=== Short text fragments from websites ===
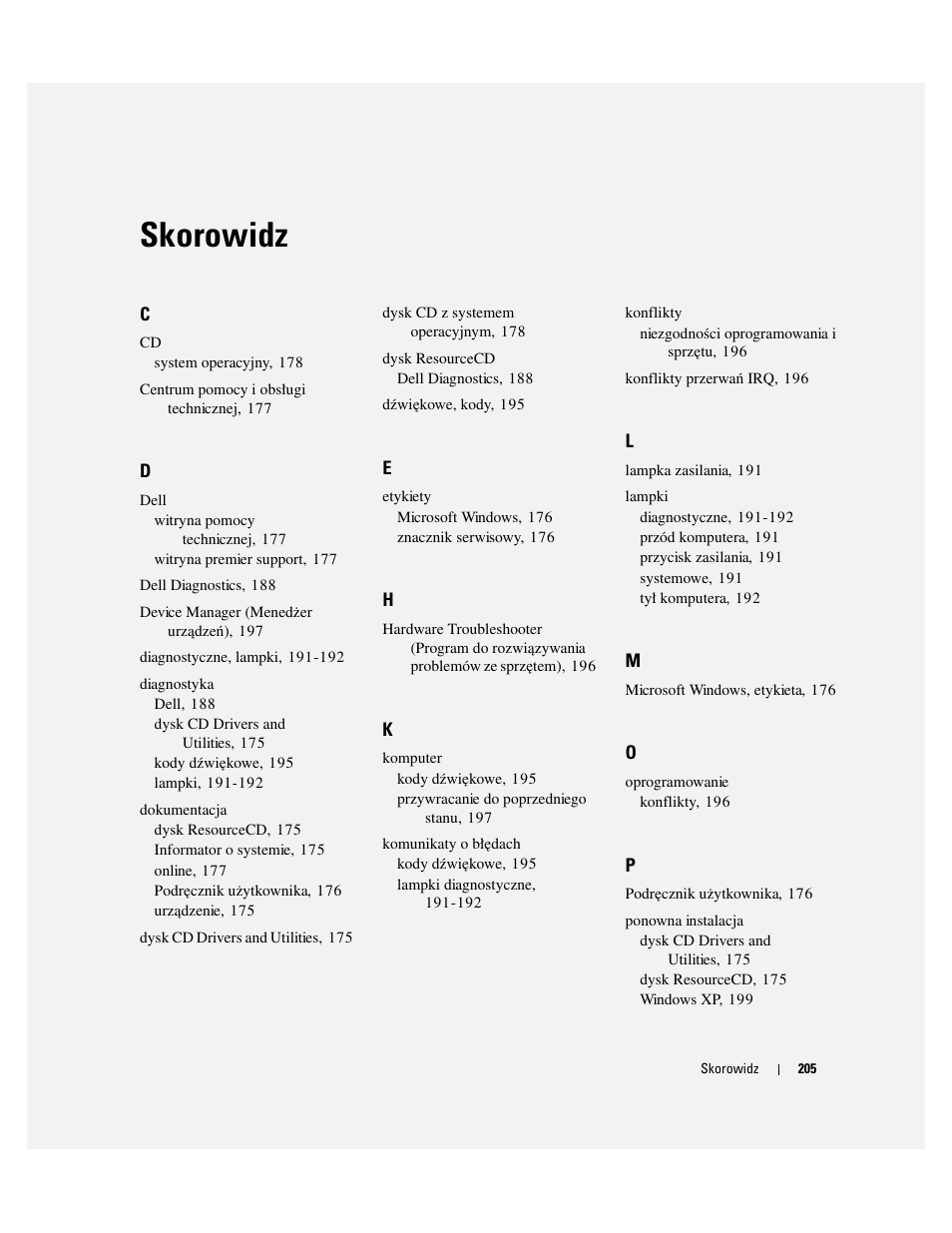 Skorowidz | Dell OptiPlex 170L User Manual | Page 205 / 238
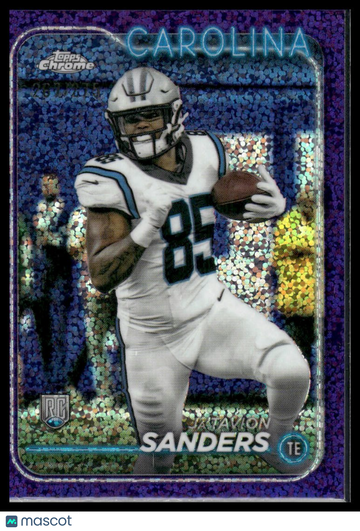 2024 Topps Chrome Ja'Tavion Sanders #223 Purple Speckle Refractor SN,RC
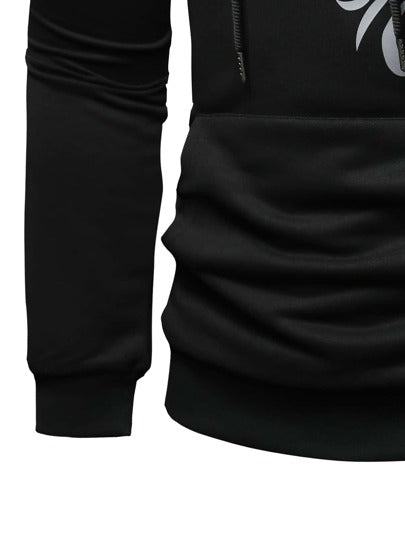 Manfinity LEGND بلوزة بقلنسوة بسحاب وجيب كنجروو بطباعة الأسد للرجال، أكمام طويلة، للخروج، كاجوال، جرافيك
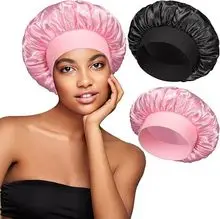 Women's Fashion Bonnet Solid Color Hair Hat Narrow Edge Elastic Silk Smooth Satin Face Daily Home Casual Sleep Hat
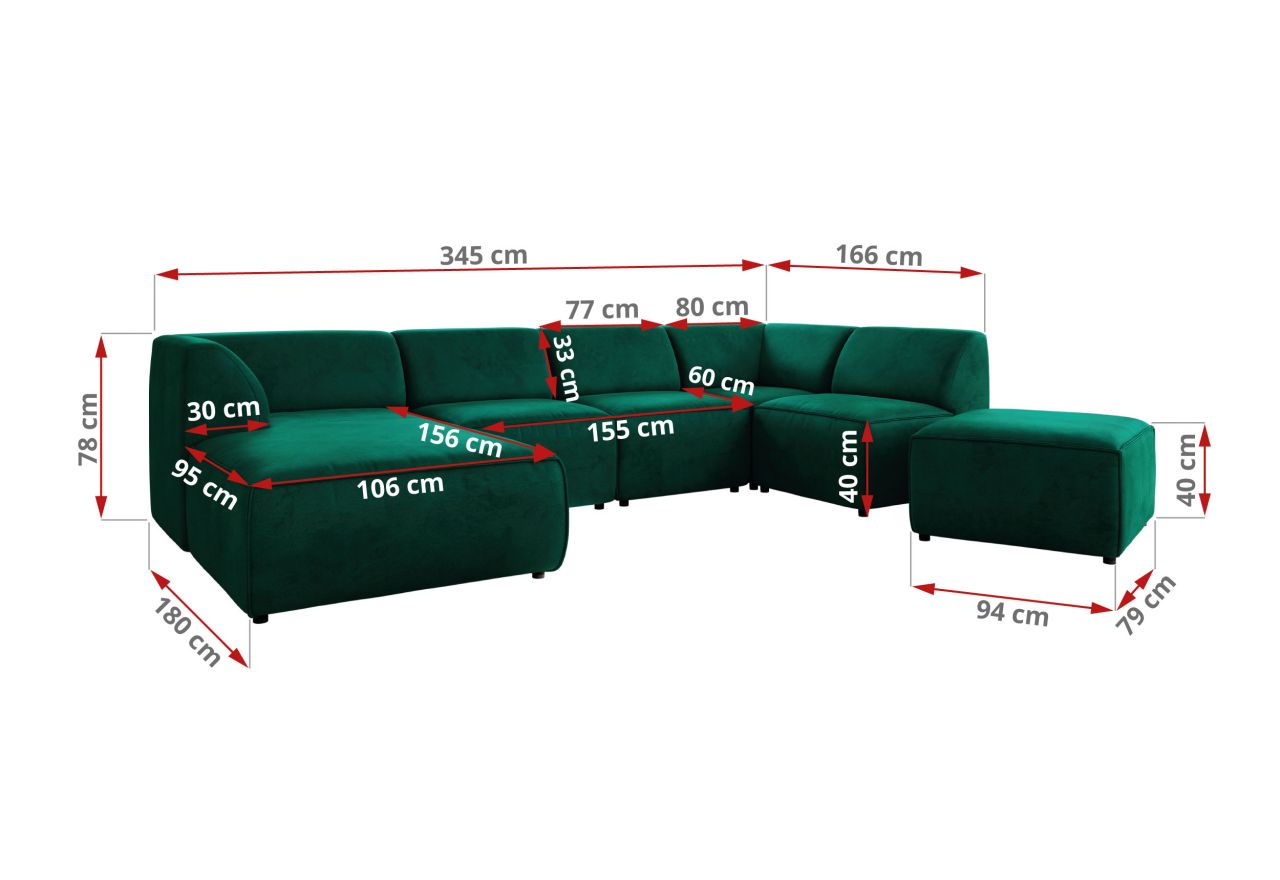 Narożnik MODARO U 6M - strona prawa - ciemnozielony, welwet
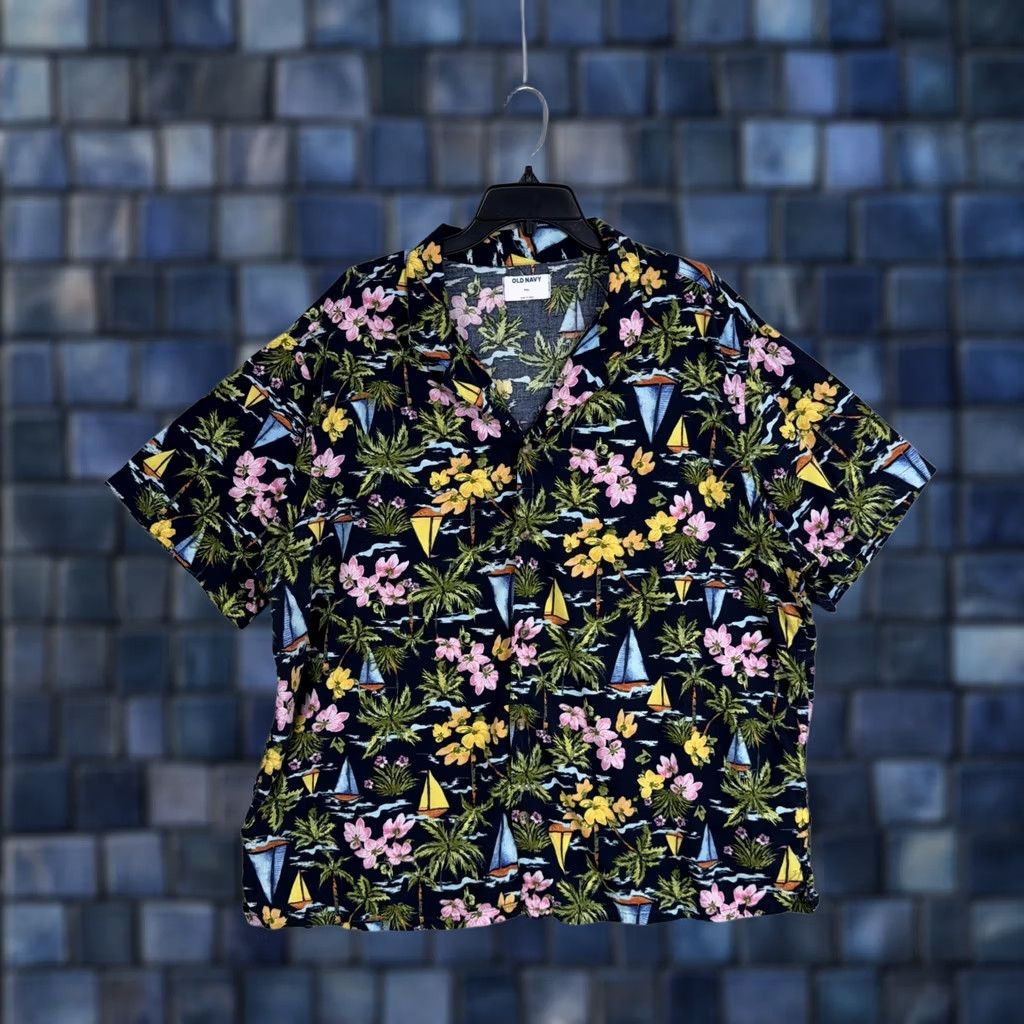 Old Navy Old Navy Shirt Mens 2XL Blue Floral Hawaiian Sailboat Aloha Button Up Lot of 2 Size US XXL / EU 58 / 5 - 1 Thumbnail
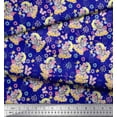 thumbnail image 3 of Soimoi Blue Velvet Fabric Insect & Teddy Bear Kids Print Fabric by The Yard 58 Inch Wide, 3 of 3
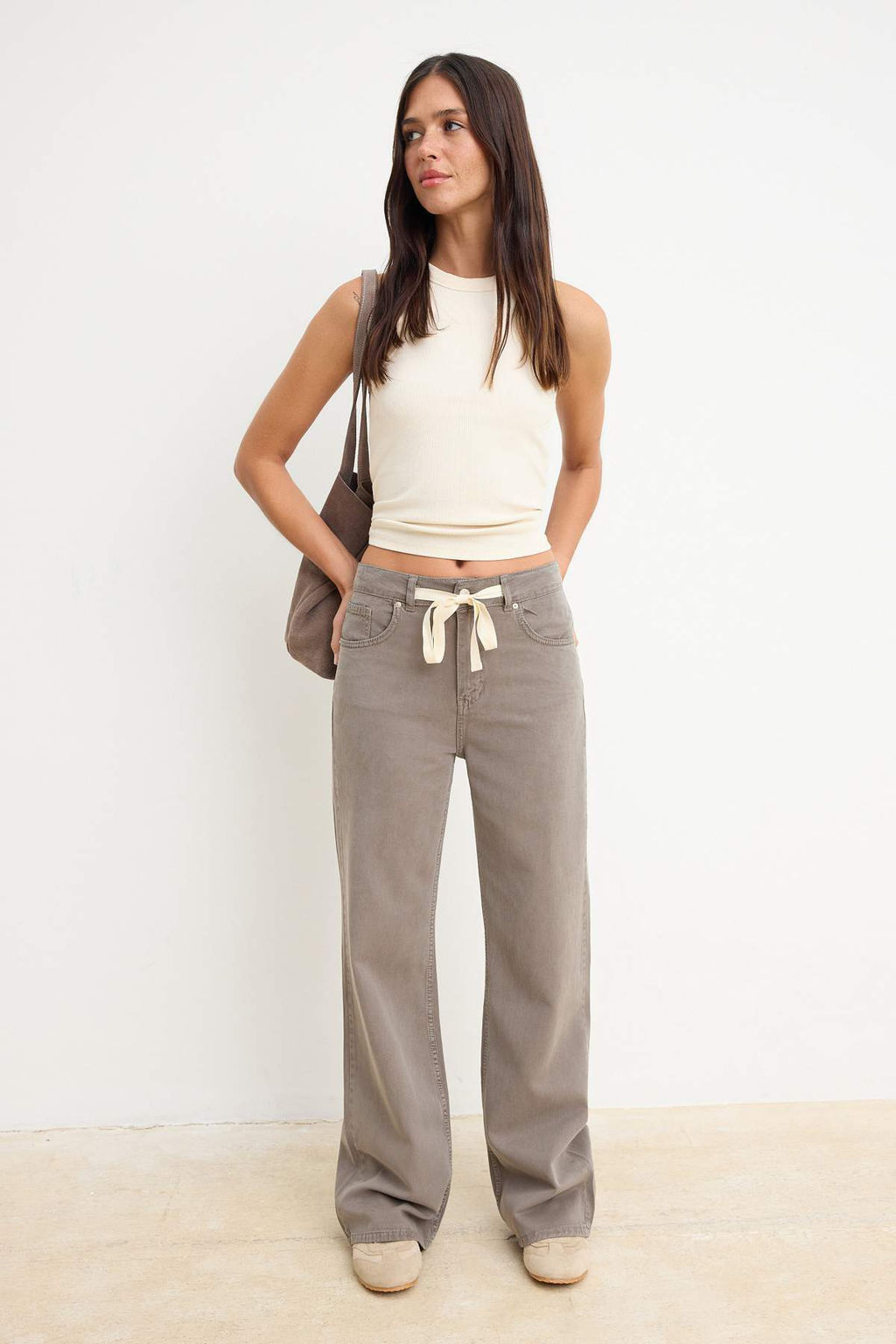 Vizon DOKUMLU Beli Lastikli Yuksek Bel Jeans Wide Leg TWOSS26JE00262 - Trendyolmilla фото 2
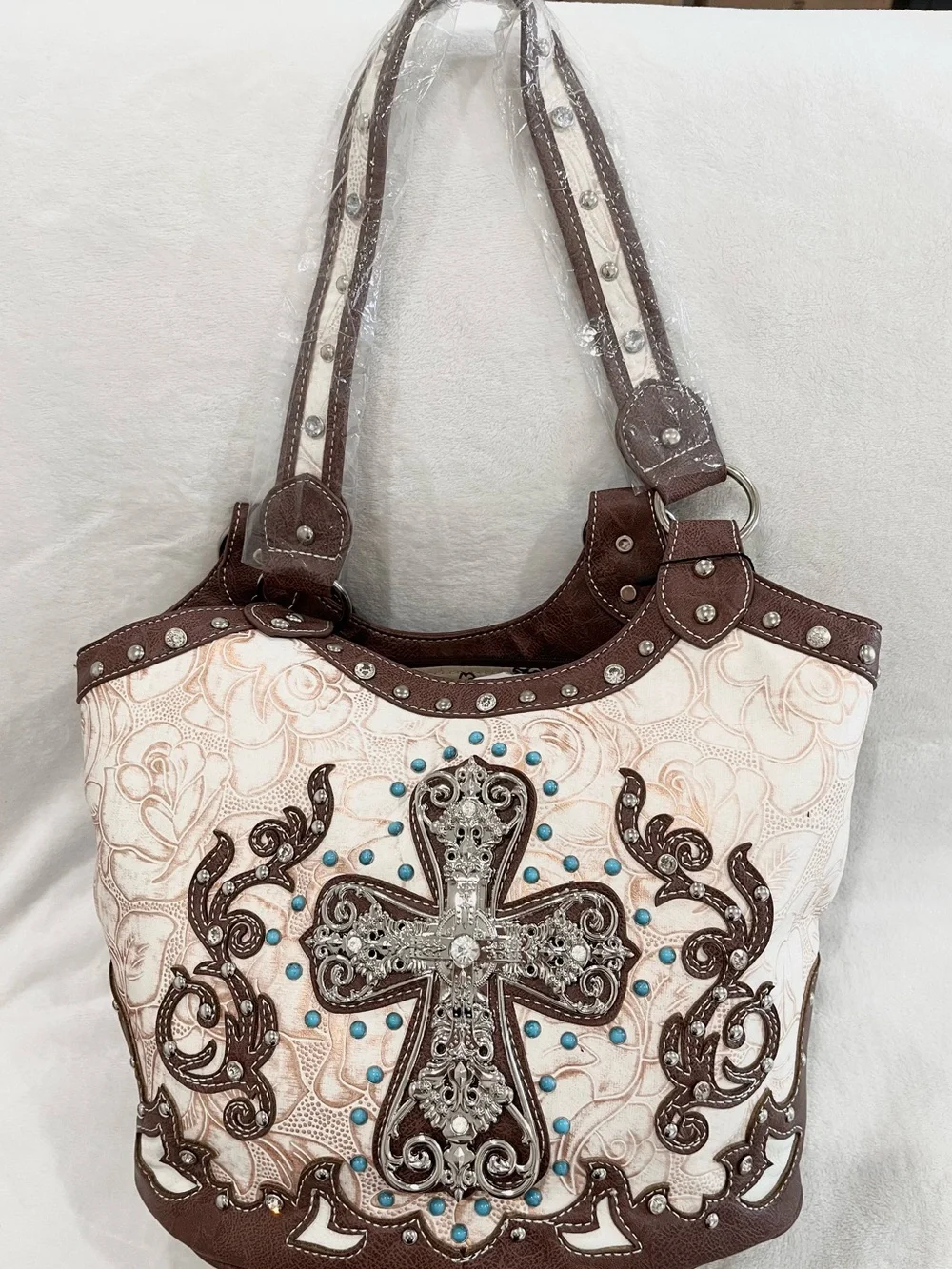 Brown and Cream Embellished Cross Satchel Tote NWT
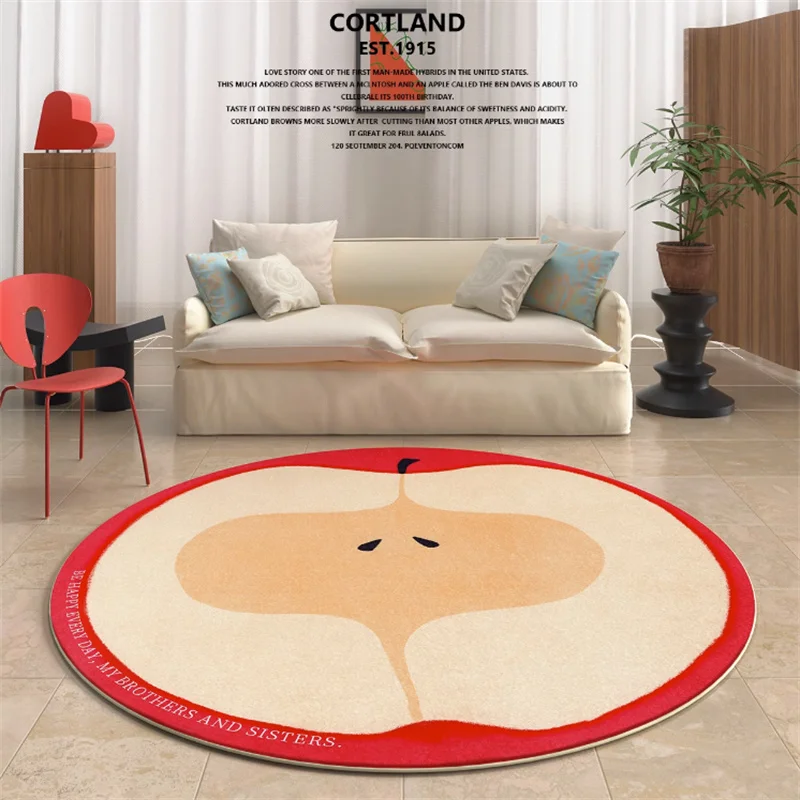 

Cartoon Apple Round Carpet Ins Simple Children's Room Baby Crawling Soft Carpets Creative Study Room Cloakroom Large Plush Rug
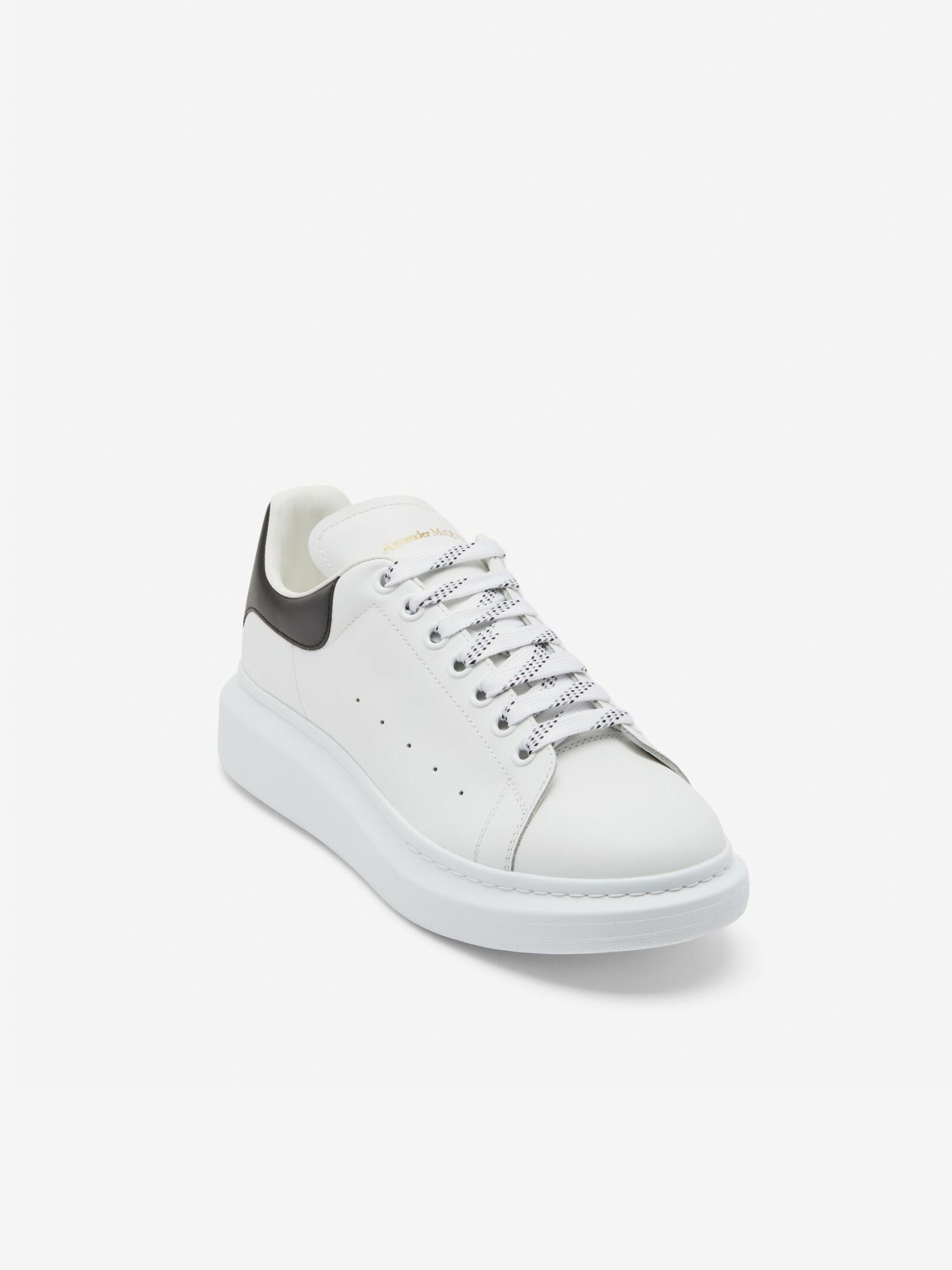 Men's Oversized Sneaker in White/Black in Calf Leather | Alexander McQueen - image 3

=== What you should do ===
Could you transcribe all of the data exactly, keeping every picture out of the copy?

=== Expected answer ===
 Skorowidz | Dell OptiPlex 170L User Manual | Page 205 / 238
 2024 Topps Chrome Ja'Tavion Sanders #223 Purple Speckle Refractor SN,RC
 Manfinity LEGND بلوزة بقلنسوة بسحاب وجيب كنجروو بطباعة الأسد للرجال، أكمام طويلة، للخروج، كاجوال، جرافيك
 Women's Fashion Bonnet Solid Color Hair Hat Narrow Edge Elastic Silk Smooth Satin Face Daily Home Casual Sleep Hat
 Narożnik MODARO U 6M - strona prawa - ciemnozielony, welwet
 Old Navy Old Navy Shirt Mens 2XL Blue Floral Hawaiian Sailboat Aloha Button Up Lot of 2 Size US XXL / EU 58 / 5 - 1 Thumbnail
 thumbnail image 3 of Soimoi Blue Velvet Fabric Insect & Teddy Bear Kids Print Fabric by The Yard 58 Inch Wide, 3 of 3
 Vizon DOKUMLU Beli Lastikli Yuksek Bel Jeans Wide Leg TWOSS26JE00262 - Trendyolmilla фото 2
 Brown and Cream Embellished Cross Satchel Tote NWT

Cartoon Apple Round Carpet Ins Simple Children's Room Baby Crawling Soft Carpets Creative Study Room Cloakroom Large Plush Rug
 Men's Oversized Sneaker in White/Black in Calf Leather | Alexander McQueen - image 3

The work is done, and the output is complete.